[Opening Supplied data section]
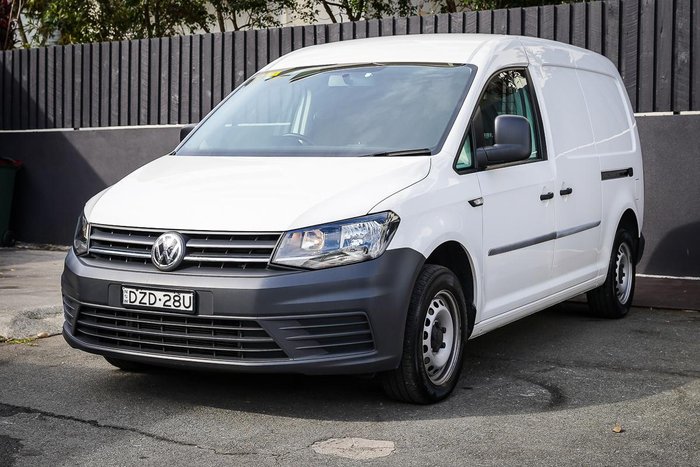 2018 Volkswagen Caddy TDI250
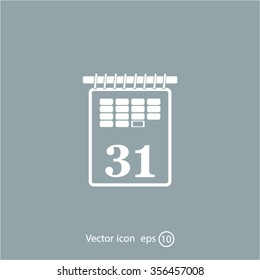 Calendar Icon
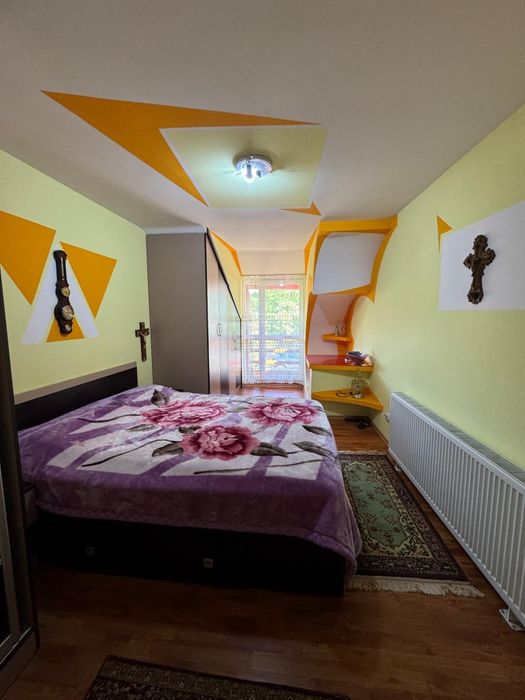 Casă în Câmpulung, 64m²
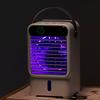 Water Circulation Cooling Fan 3 Speed Air Conditioner Fan Colling Fan Digital Display Cooler Fan for Bedroom Office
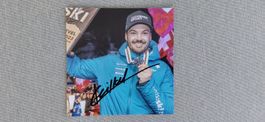 Autogramm Loic Meillard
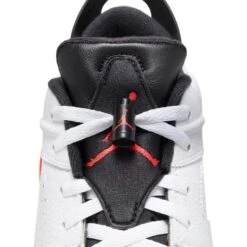 Nike Jordan Retro 6 G Golf Shoes White/Black/Infrared 18 Nike Jordan Retro 6 G Golf Shoes White/Black/Infrared -Callaway Store nike air jordan retro 6 g golf shoes white black infrared detail2 itempicture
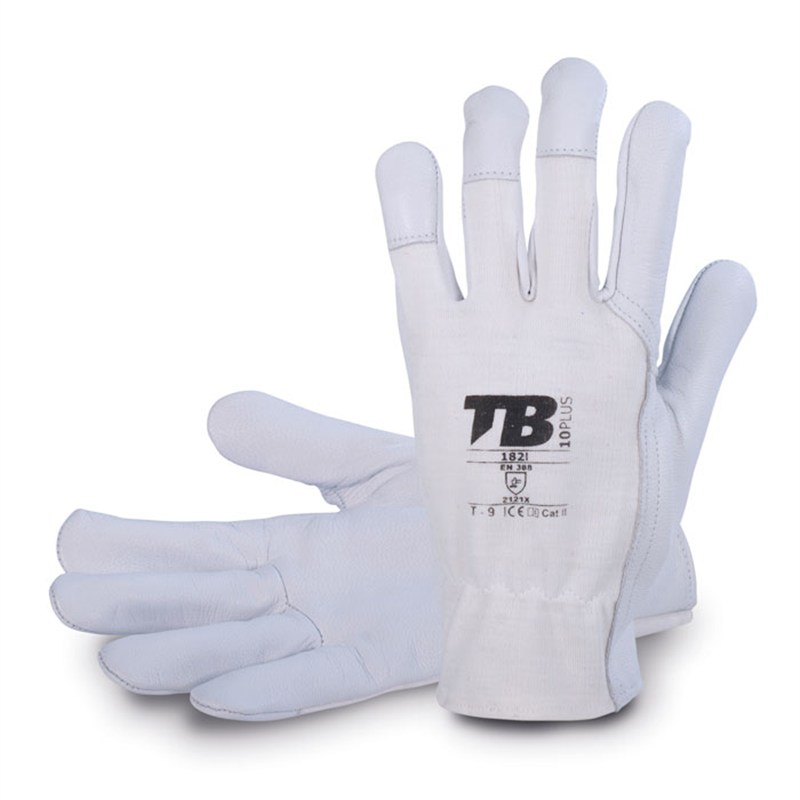 Pracovné rukavice TB 182IB kombinované Pracovné rukavice TB 182IB kombinované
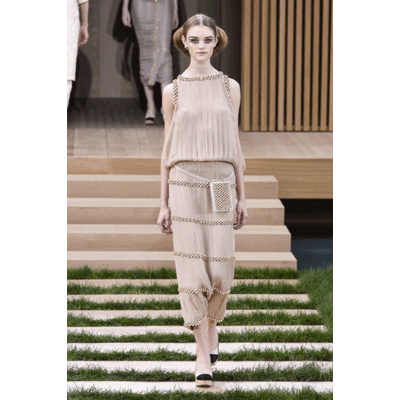 Chanel Haute Couture Spring/Summer 2016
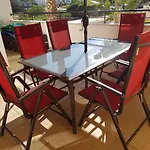 Spacious With Huge Terrace And Swimming Pool Apartmán Lagos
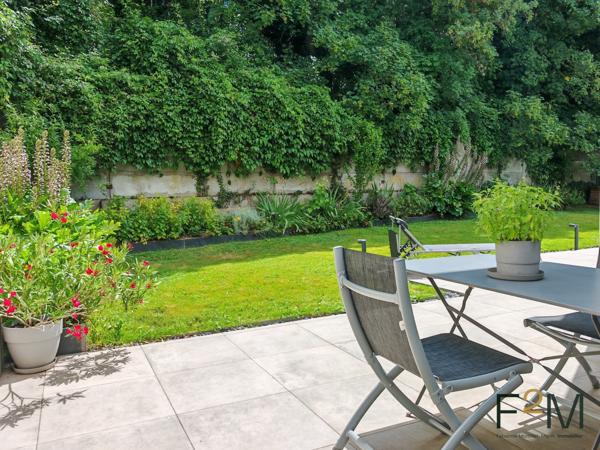 A vendre – Villa contemporaine de 2019 5 pièces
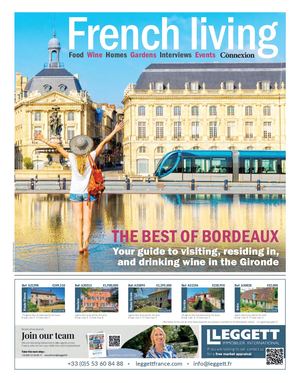 272 FRENCH LIVING -  JUNE 2025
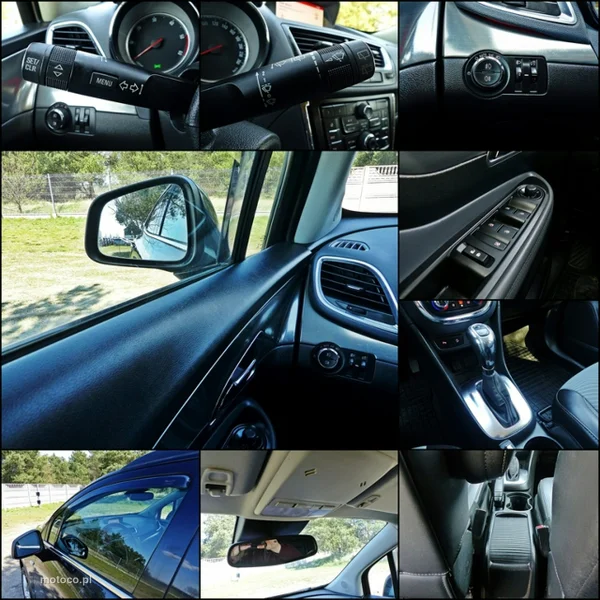 Opel Mokka A 30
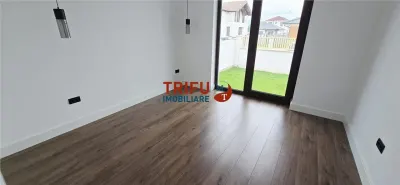 Casă individuală modernă la cheie, 4 camere, panouri solare 6kW – Zona Orizont, Alba Iulia - foto 15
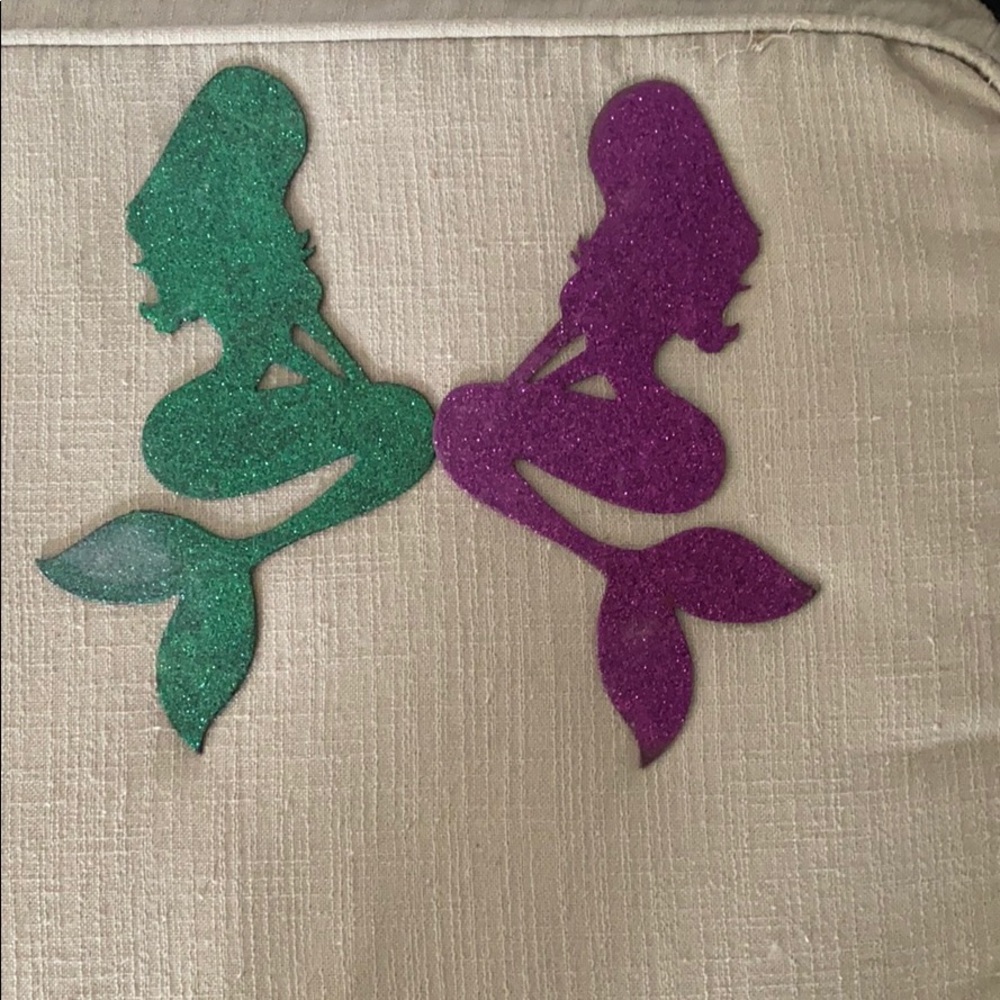 Mermaid Wall Decor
[Closing Supplied data section]
Give again, word for word, only the lines that run from the top of the data above through the line with "Spacious With Huge". Drop the pictures.

 2018 Volkswagen Caddy TDI250
 Calendar Icon
 Casă în Câmpulung, 64m²
 Water Circulation Cooling Fan 3 Speed Air Conditioner Fan Colling Fan Digital Display Cooler Fan for Bedroom Office
 Autogramm Loic Meillard
 Nike Jordan Retro 6 G Golf Shoes White/Black/Infrared 18 Nike Jordan Retro 6 G Golf Shoes White/Black/Infrared -Callaway Store nike air jordan retro 6 g golf shoes white black infrared detail2 itempicture
 Pracovné rukavice TB 182IB kombinované Pracovné rukavice TB 182IB kombinované
 Chanel Haute Couture Spring/Summer 2016
 Spacious With Huge Terrace And Swimming Pool Apartmán Lagos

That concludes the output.